WHAT YOU WILL DO
Verbatim copy without images: repeat the records in full.

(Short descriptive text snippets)
====
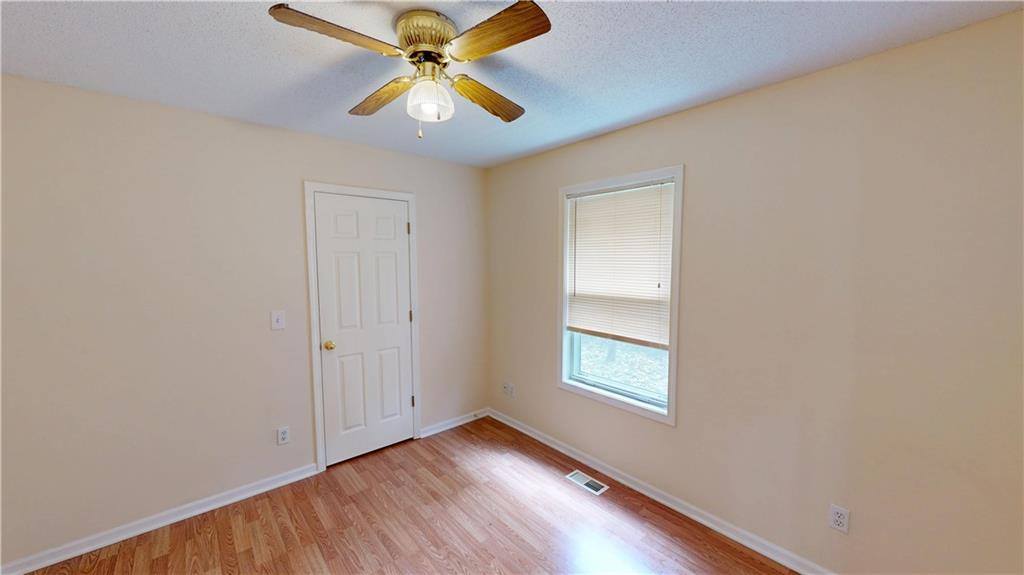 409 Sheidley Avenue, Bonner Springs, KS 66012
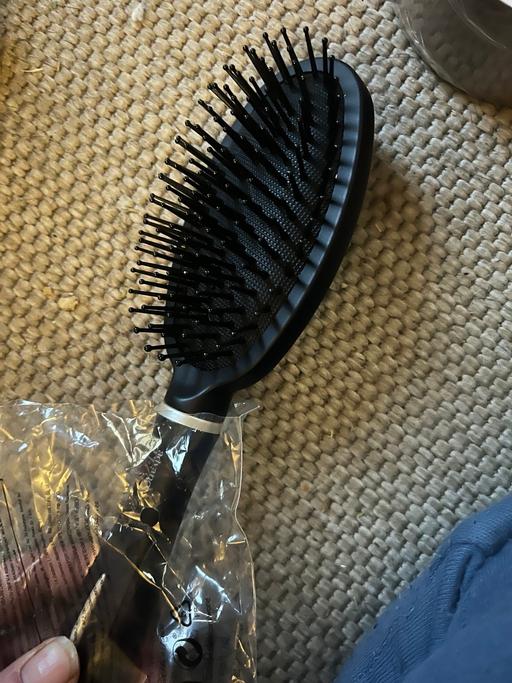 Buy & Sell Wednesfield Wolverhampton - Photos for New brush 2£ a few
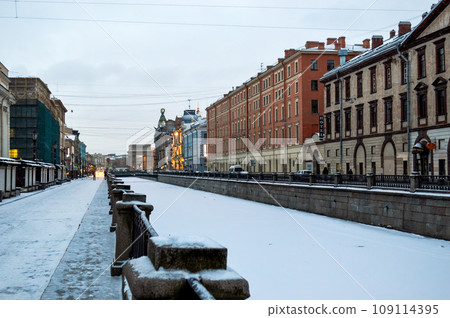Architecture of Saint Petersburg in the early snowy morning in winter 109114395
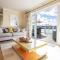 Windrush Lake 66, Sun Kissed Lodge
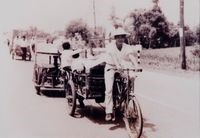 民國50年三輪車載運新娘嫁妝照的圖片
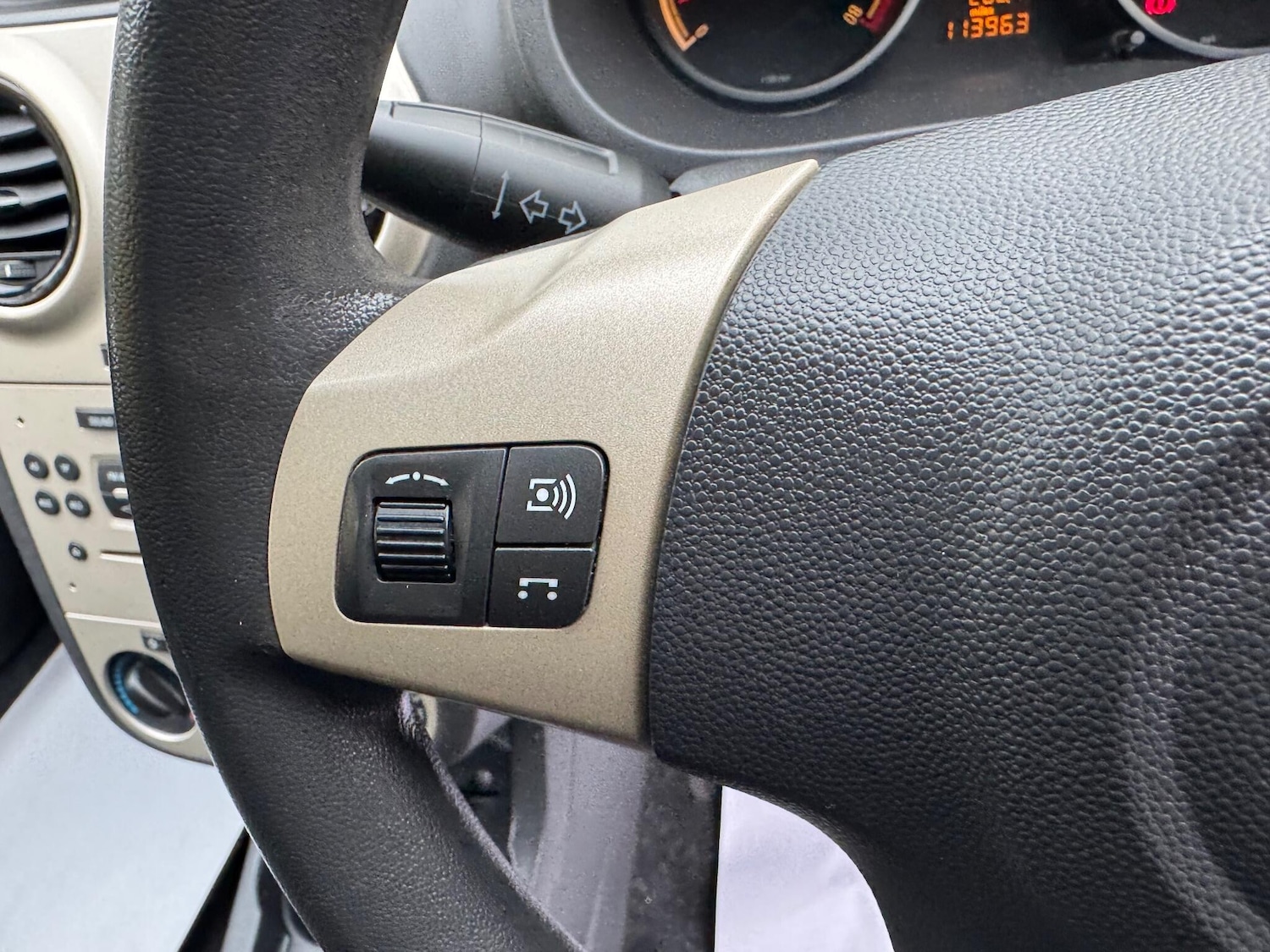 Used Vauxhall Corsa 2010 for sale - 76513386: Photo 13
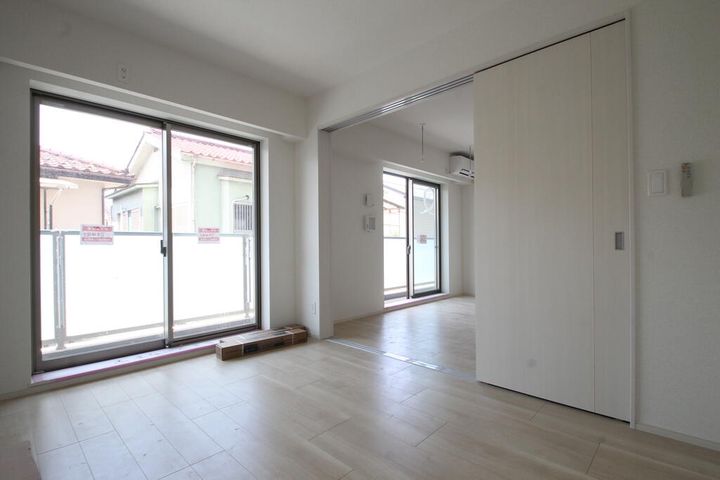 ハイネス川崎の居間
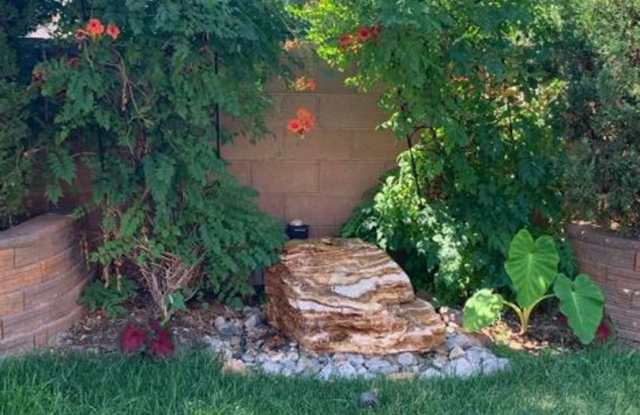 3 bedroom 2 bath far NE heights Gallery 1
====
WRITTEN ANSWER
 409 Sheidley Avenue, Bonner Springs, KS 66012
 Buy & Sell Wednesfield Wolverhampton - Photos for New brush 2£ a few
Architecture of Saint Petersburg in the early snowy morning in winter 109114395
 Windrush Lake 66, Sun Kissed Lodge
 民國50年三輪車載運新娘嫁妝照的圖片
 Used Vauxhall Corsa 2010 for sale - 76513386: Photo 13
 ハイネス川崎の居間
 3 bedroom 2 bath far NE heights Gallery 1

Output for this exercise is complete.